*** Begin section ***
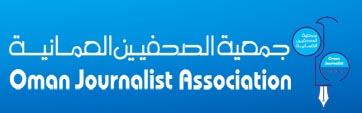 جمعية الصحفيين تباشر تأهيل الإعلاميين في اللغة الإنجليزية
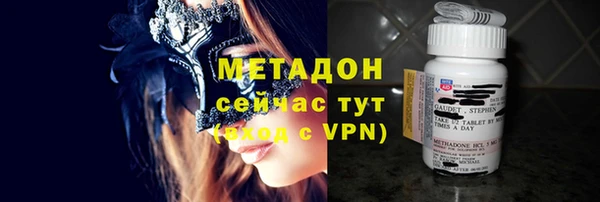 метамфетамин Зеленокумск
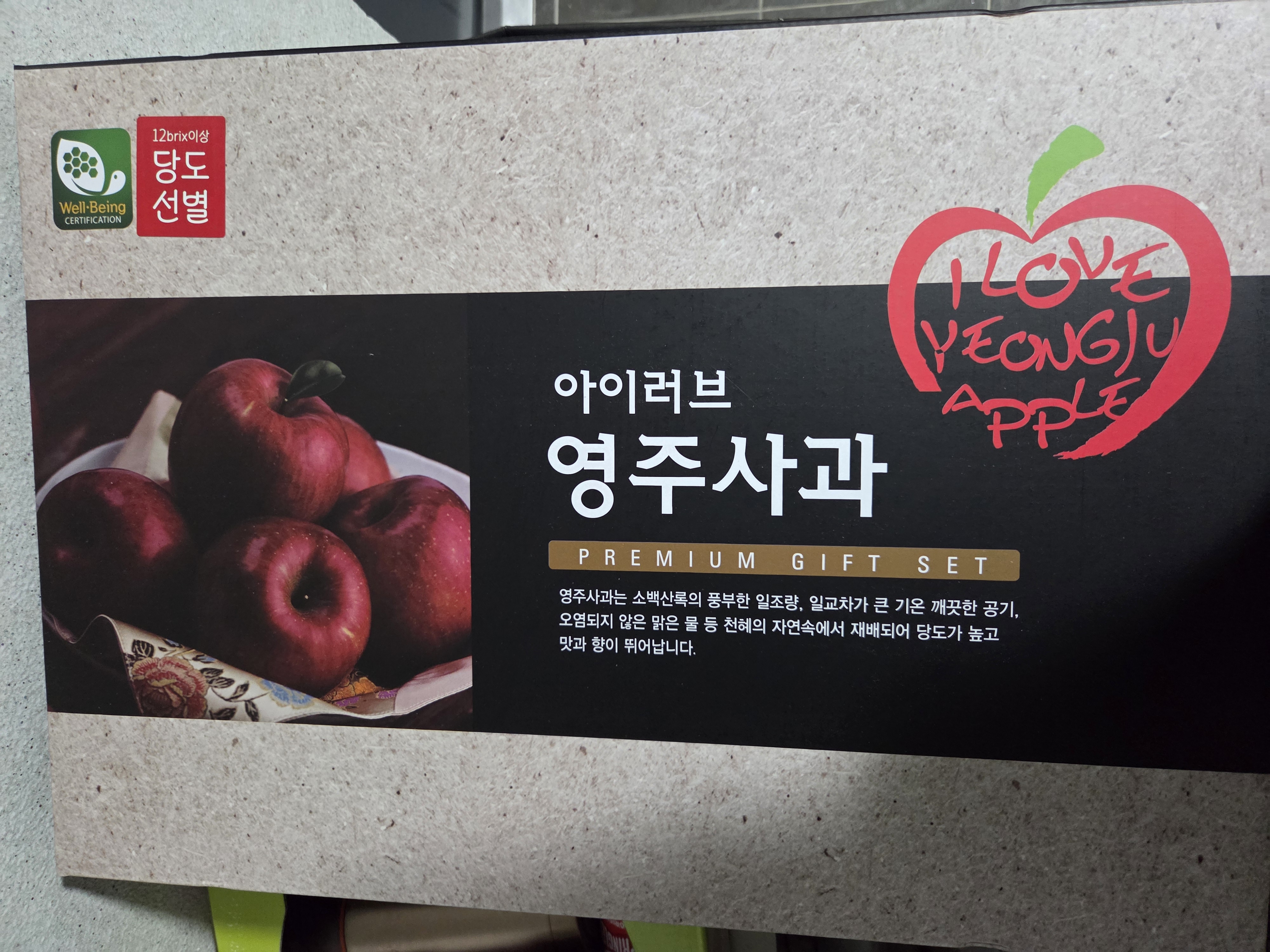 대경사과원예농협 영주사과 3.2kg 선물세트 (11입내)+1kg 추가증정-2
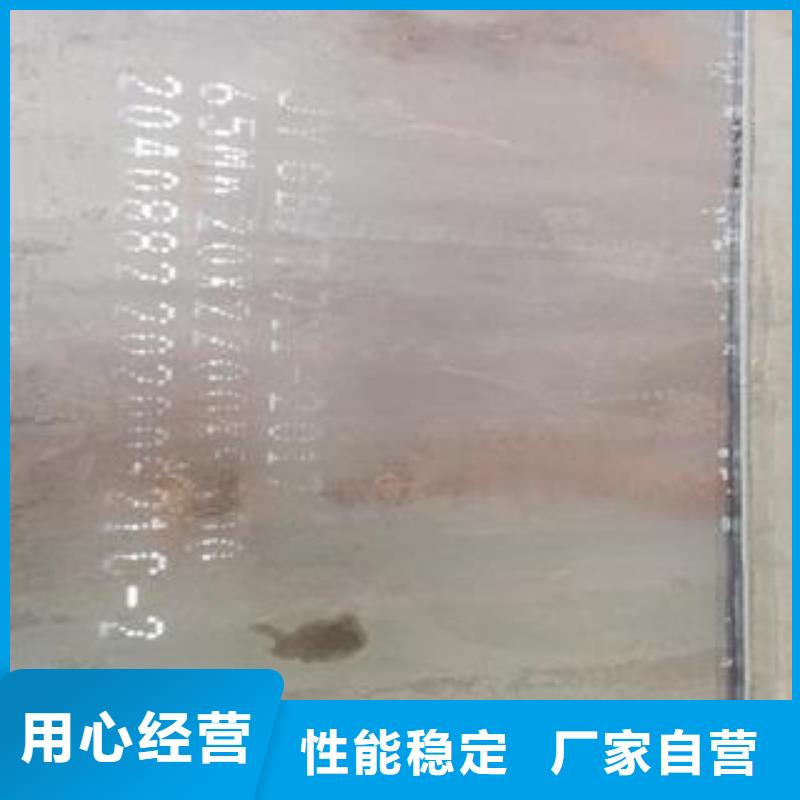 65Mn彈簧鋼板Q690鋼板實拍展現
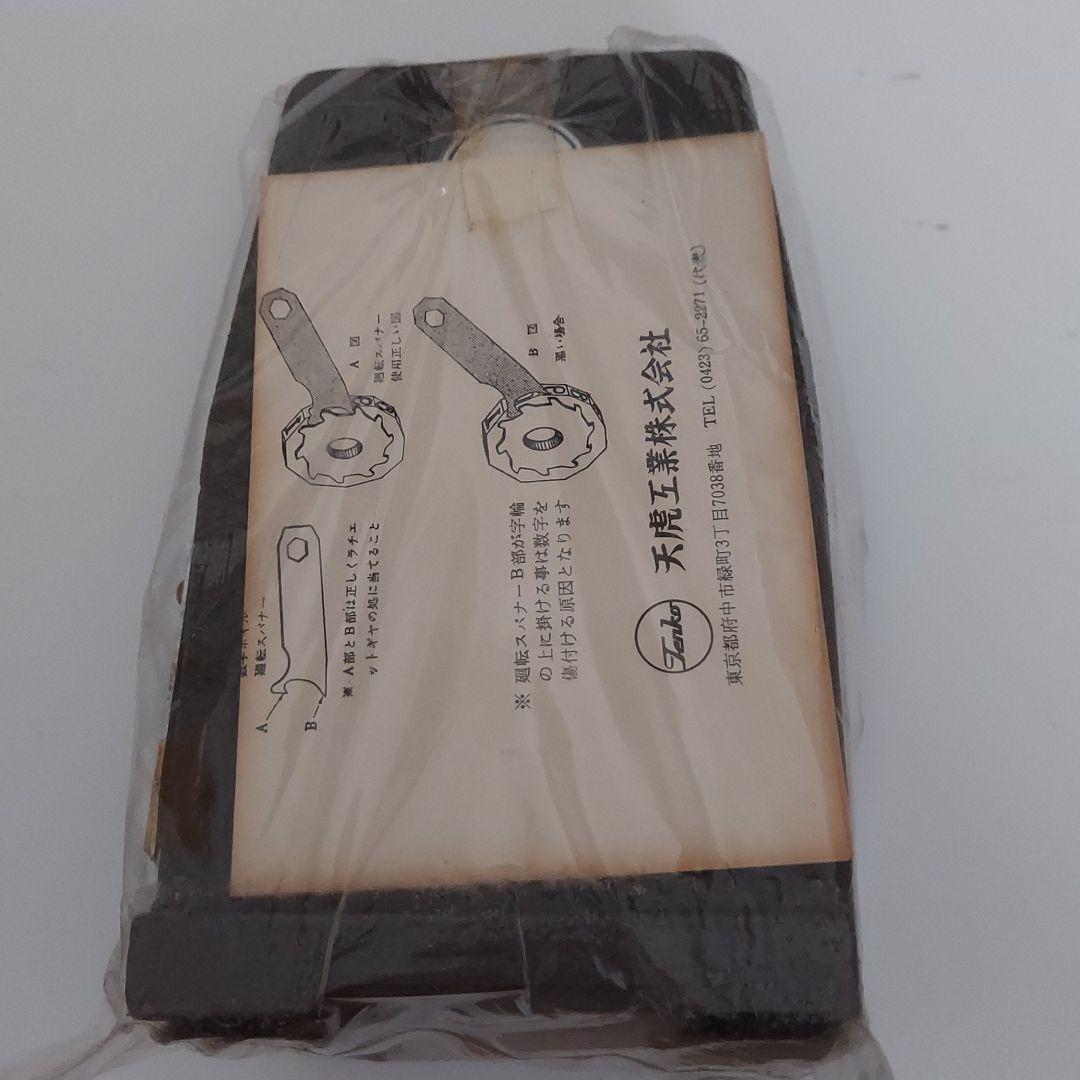 国鉄ダッチングマシン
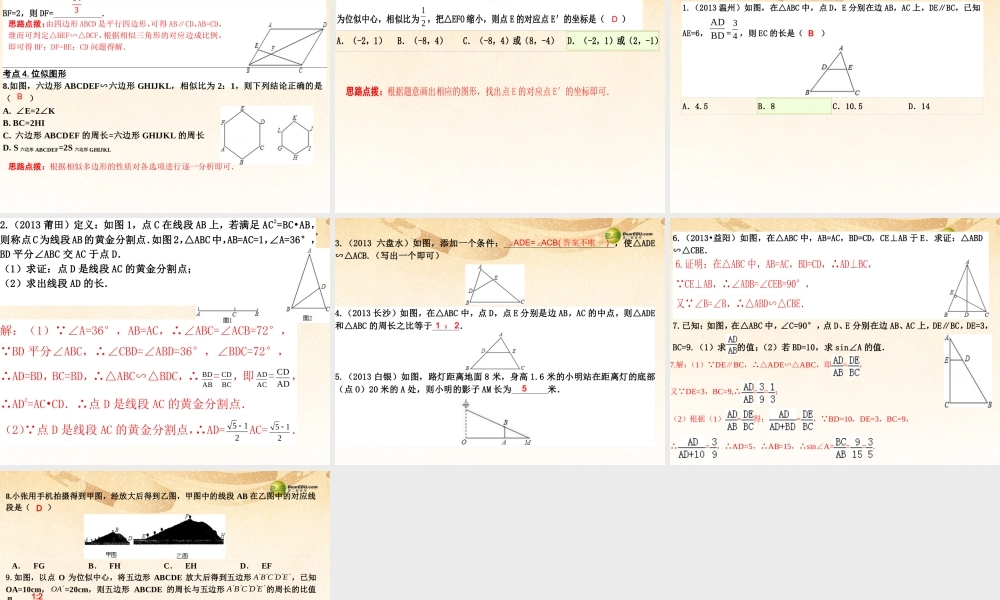 中考数学 第十六讲 相似三角形复习课件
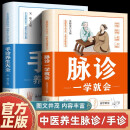 脉诊一学就会+手诊养生大全 全2册 正版诊病手诊书教程书籍看手相中医保健手诊宝典大全穴位图解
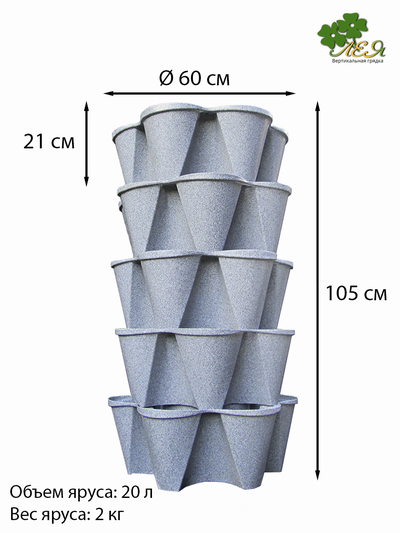 Вертикальная грядка "Лея" (имитация камня гранит)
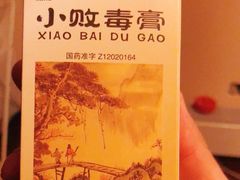 -上海市皮肤病医院(武夷路院区)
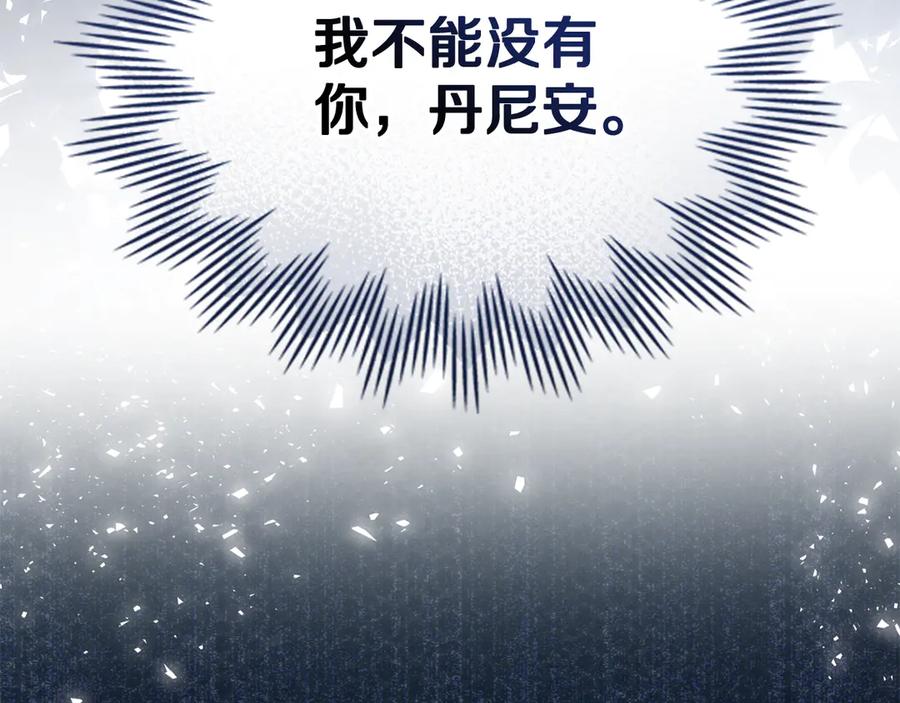 默许侵占 - 第74话 爱他胜过爱自己 - 第179张图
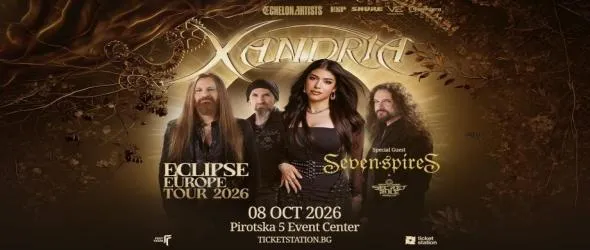 Между симфония и метъл: обновеният състав на Xandria пристига в София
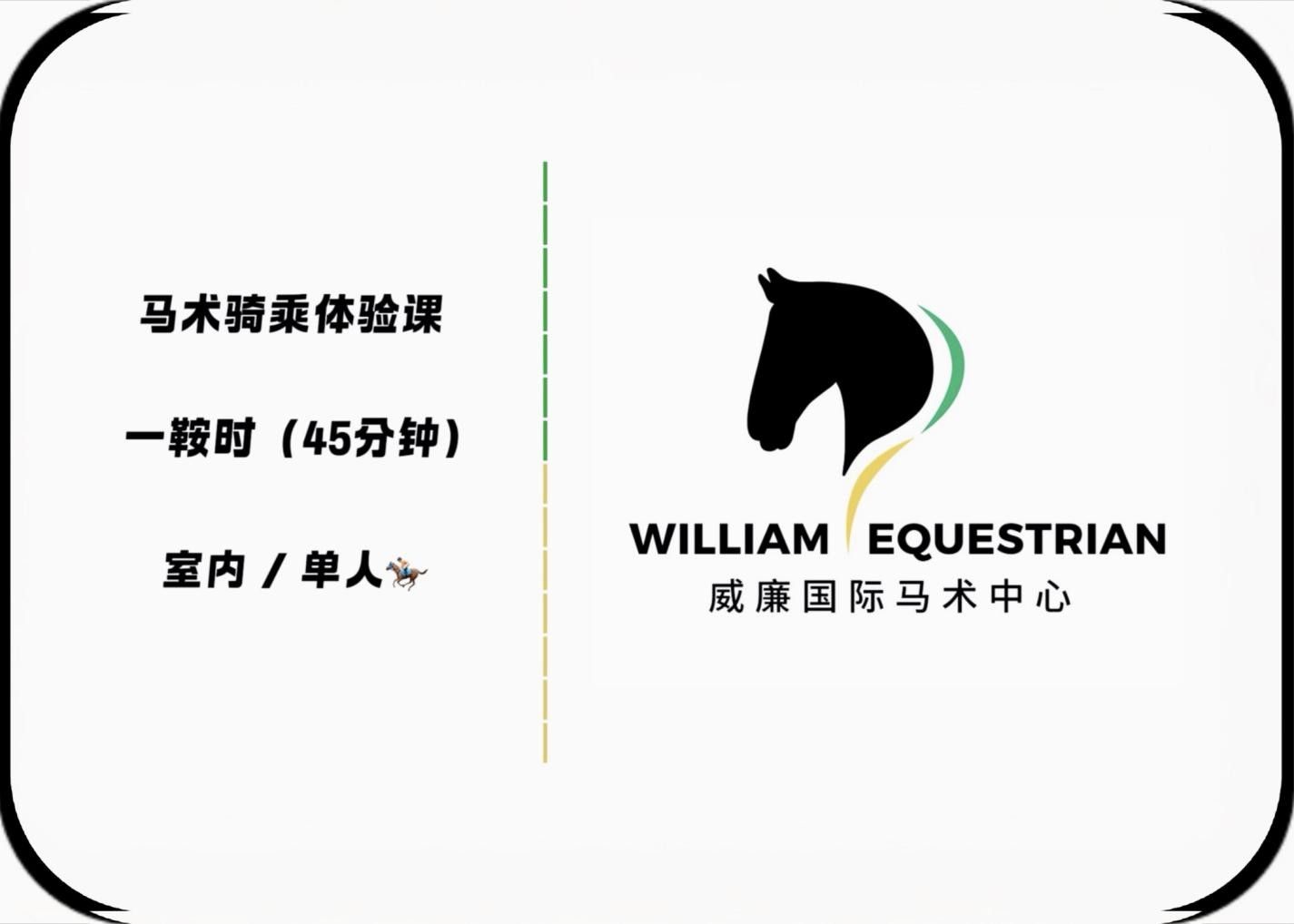 william 5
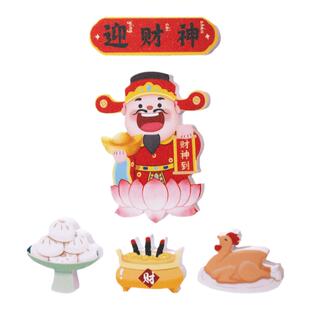 冰箱贴磁贴门贴磁吸装饰创意灶王爷财神爷贡品新中式国风喜庆摆件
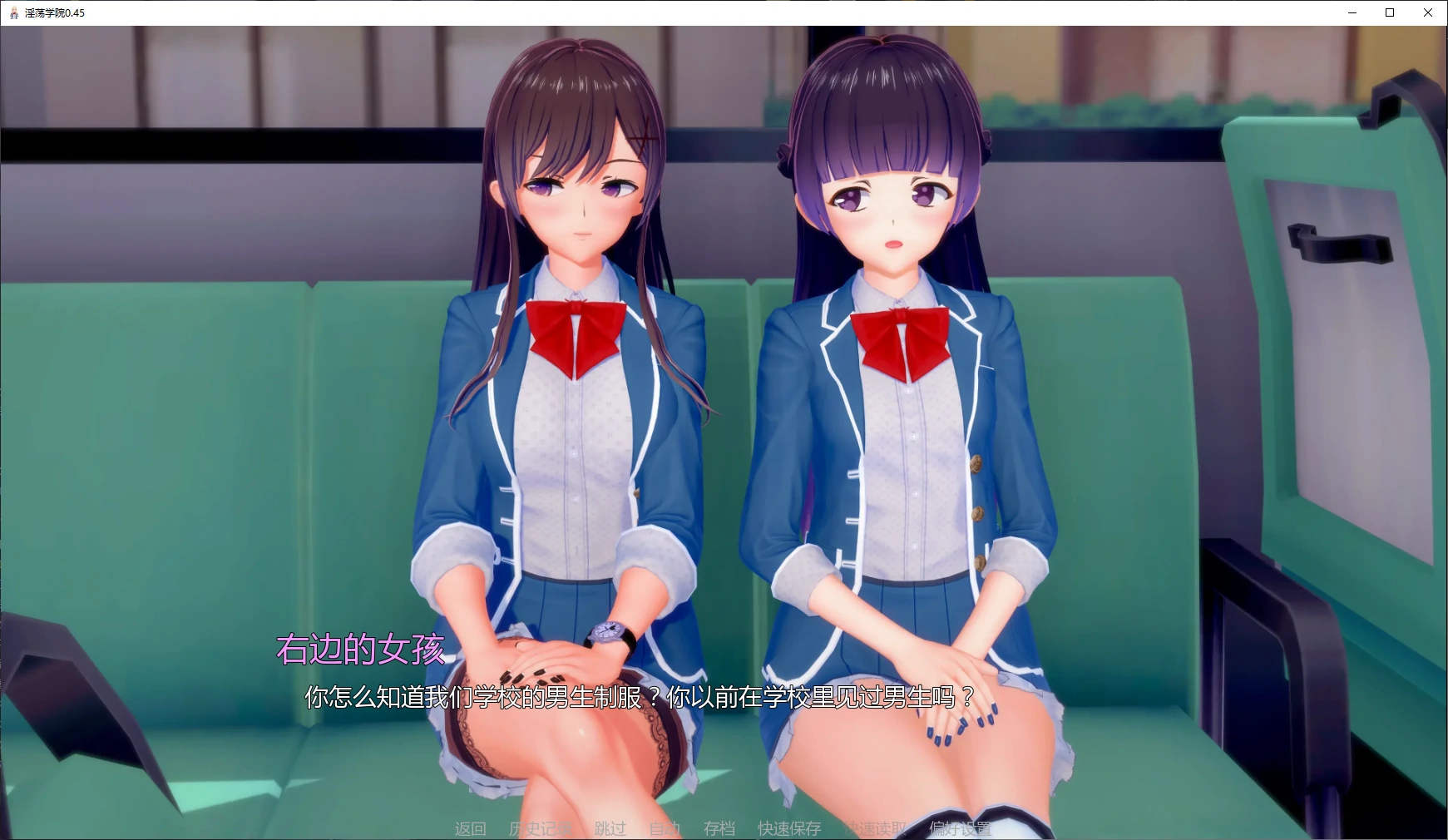图片[3]-a792淫荡学院0.45 AI汉化版【PC+安卓/6.6G/更新】-ACG畅游网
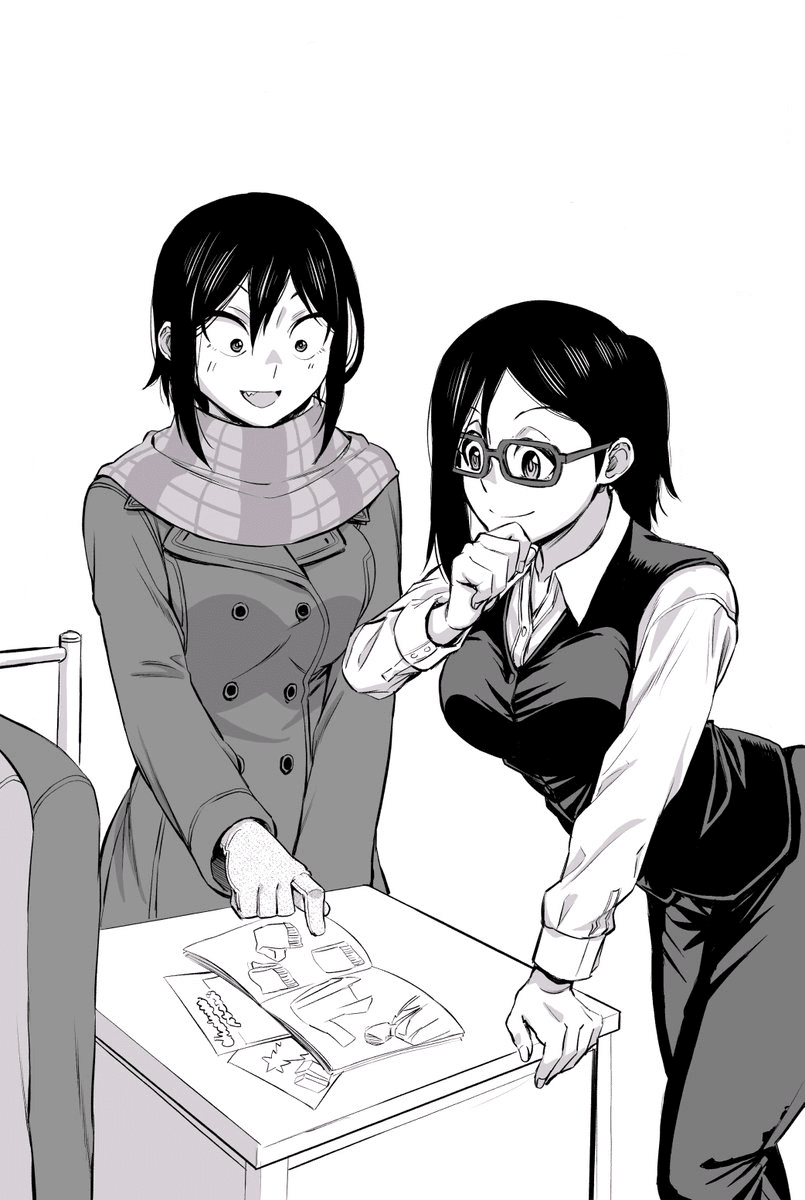Hitomi-chan Is Shy With Strangers Chapter 43 page 13 - Chapter 43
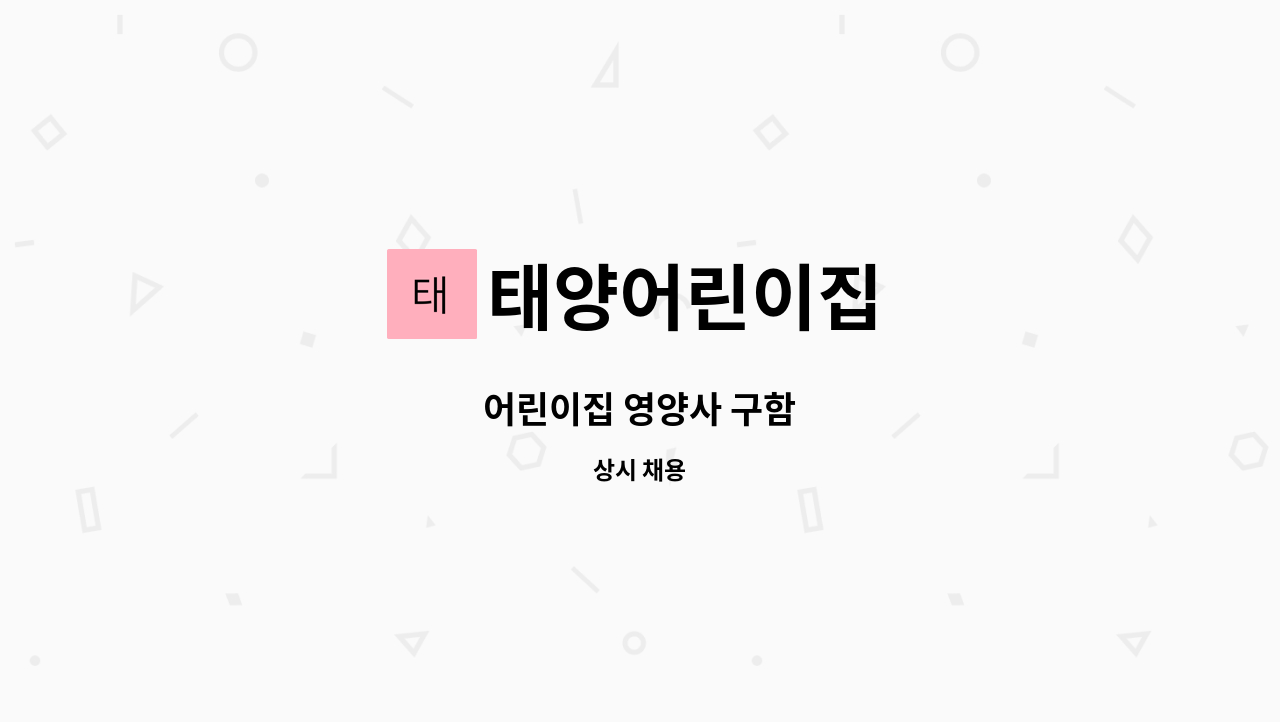 태양어린이집 - 어린이집 영양사 구함 : 채용 메인 사진 (더팀스 제공)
*** End section ***
**Work instructions**: Exactly reproduce the run of lines from the start of the listing through the line with "Между симфония и", inclusive; pictures are not copied.

**Written response**:
 جمعية الصحفيين تباشر تأهيل الإعلاميين في اللغة الإنجليزية
 метамфетамин Зеленокумск
 대경사과원예농협 영주사과 3.2kg 선물세트 (11입내)+1kg 추가증정-2
 65Mn彈簧鋼板Q690鋼板實拍展現
 国鉄ダッチングマシン
 中考数学 第十六讲 相似三角形复习课件
 脉诊一学就会+手诊养生大全 全2册 正版诊病手诊书教程书籍看手相中医保健手诊宝典大全穴位图解
 Вертикальная грядка "Лея" (имитация камня гранит)
 -上海市皮肤病医院(武夷路院区)
 默许侵占 - 第74话 爱他胜过爱自己 - 第179张图
 Между симфония и метъл: обновеният състав на Xandria пристига в София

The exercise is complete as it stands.